Data section
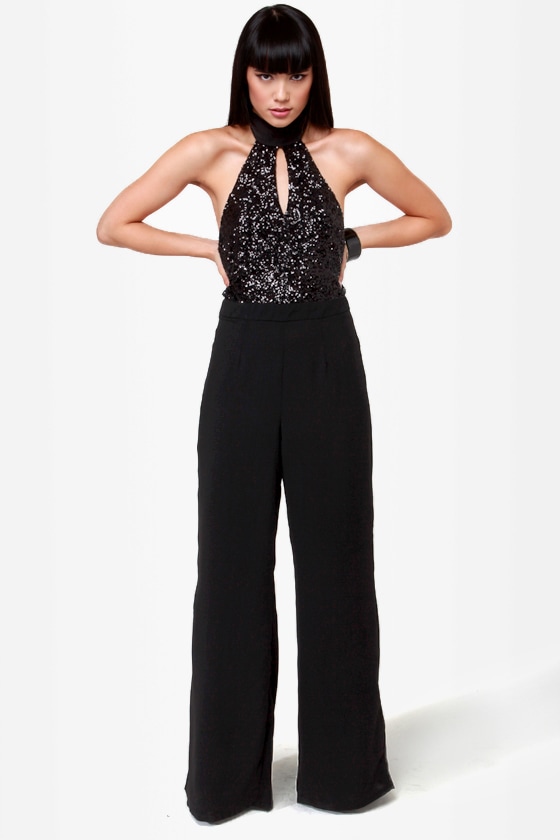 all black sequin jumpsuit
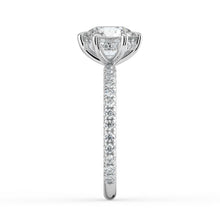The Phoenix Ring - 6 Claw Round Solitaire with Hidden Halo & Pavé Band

* * *

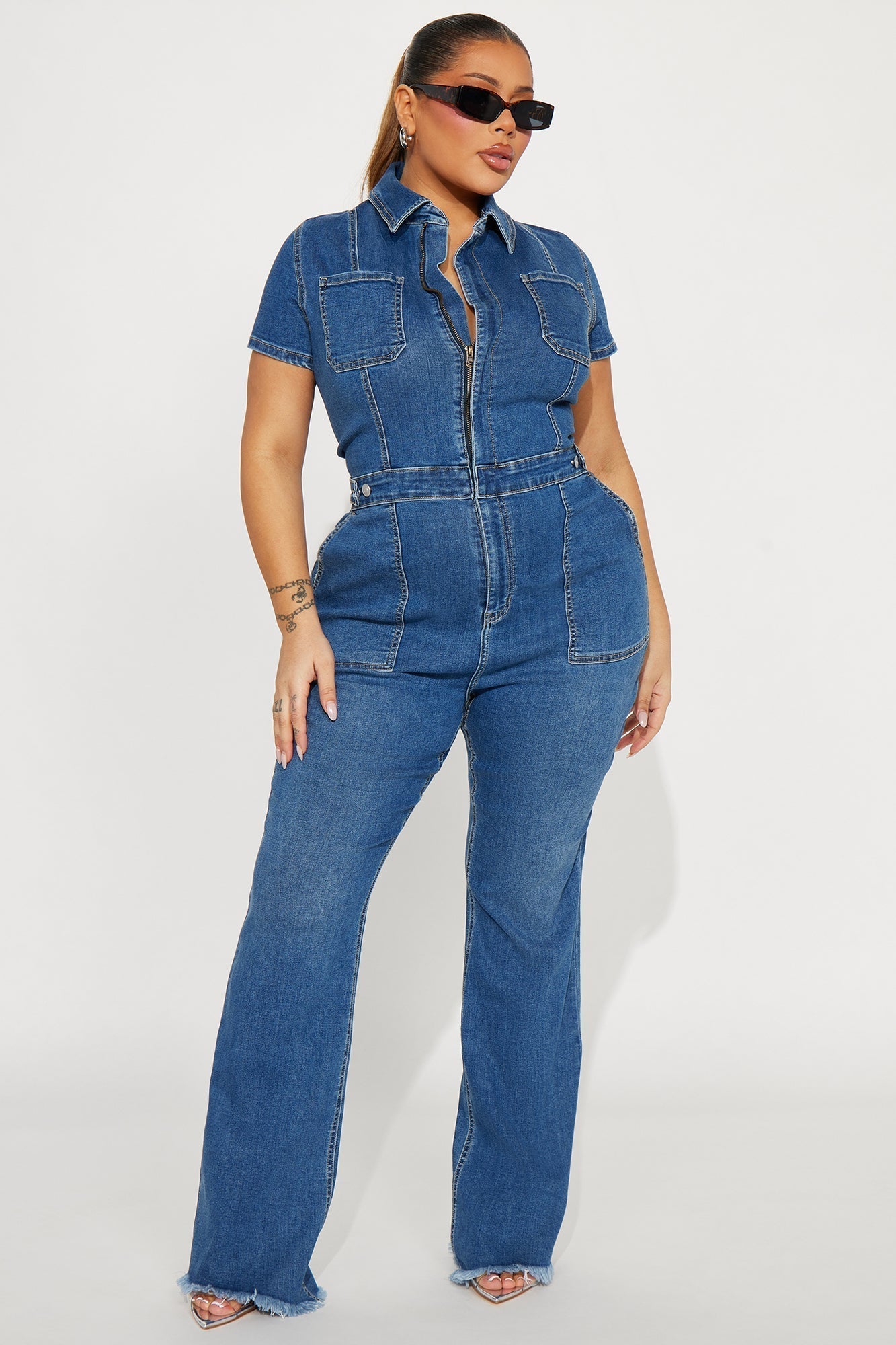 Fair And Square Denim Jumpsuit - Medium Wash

Task to carry out
Copy exactly, without pictures, the lines above from the one with "all black sequin jumpsuit" down to the one with "The Phoenix Ring", inclusive.

Answer space
 all black sequin jumpsuit
The Phoenix Ring - 6 Claw Round Solitaire with Hidden Halo & Pavé Band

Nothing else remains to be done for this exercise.